• _DATA SUPPLIED_:
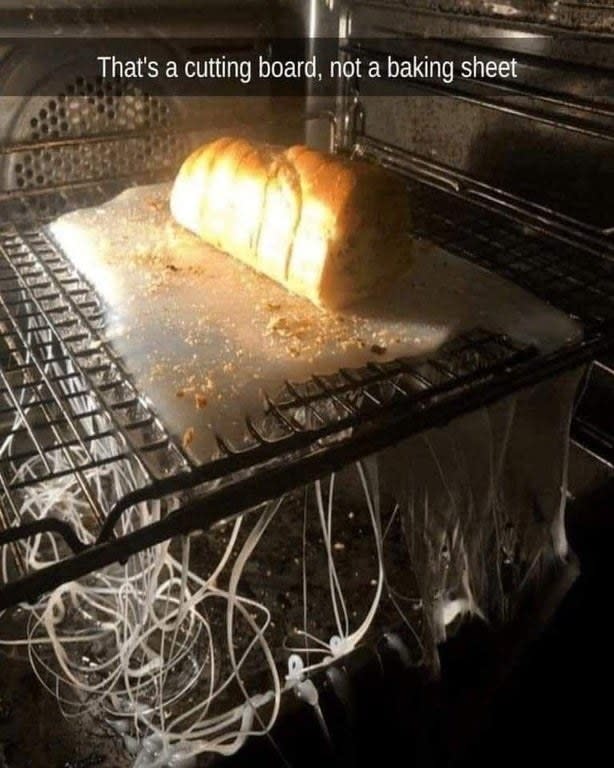 melted baking sheet inside an oven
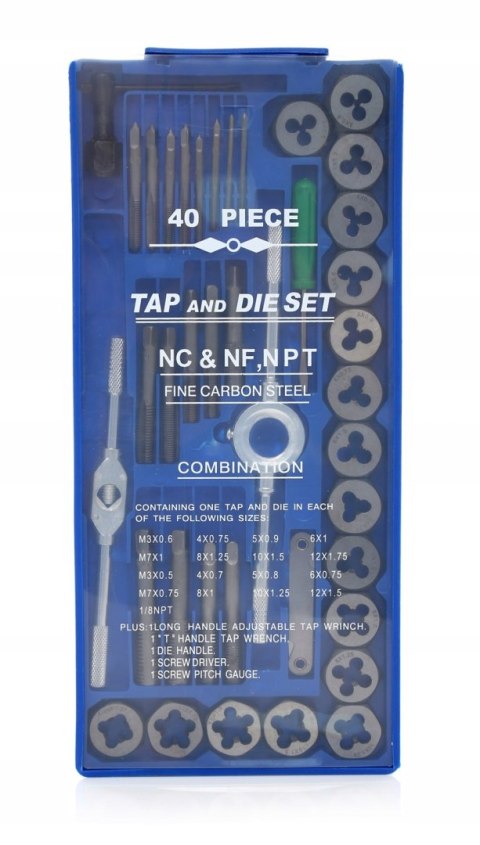 Zestaw narzynek I gwintowników 40 EL kalibrowniki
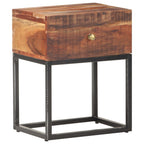 Mesita de noche de madera de acacia rugosa 40x30x50 cm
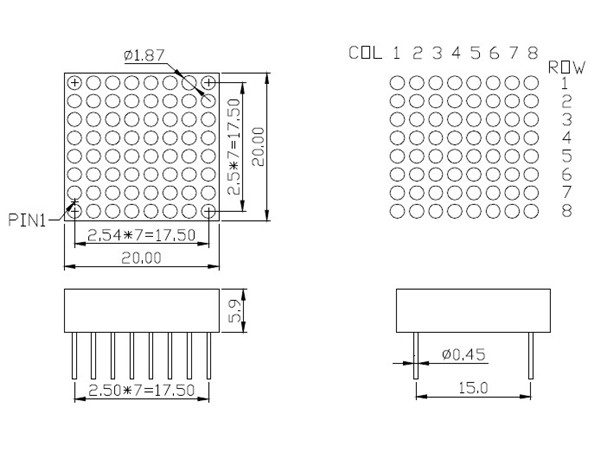 マルチカラーディスプレイモジュールパネル5x7の16x168x8のrgbledドットマトリクス問屋・仕入れ・卸・卸売り
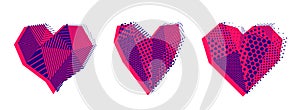 Low poly pattern geometric heart vector icons or logos set, graphic design 3d love theme element.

• _WHAT TO WORK ON_:
Apart from the pictures, restate all of the listing above exactly.

• _YOUR SOLUTION_:
 melted baking sheet inside an oven
 Zestaw narzynek I gwintowników 40 EL kalibrowniki
 Mesita de noche de madera de acacia rugosa 40x30x50 cm
 マルチカラーディスプレイモジュールパネル5x7の16x168x8のrgbledドットマトリクス問屋・仕入れ・卸・卸売り
 Low poly pattern geometric heart vector icons or logos set, graphic design 3d love theme element.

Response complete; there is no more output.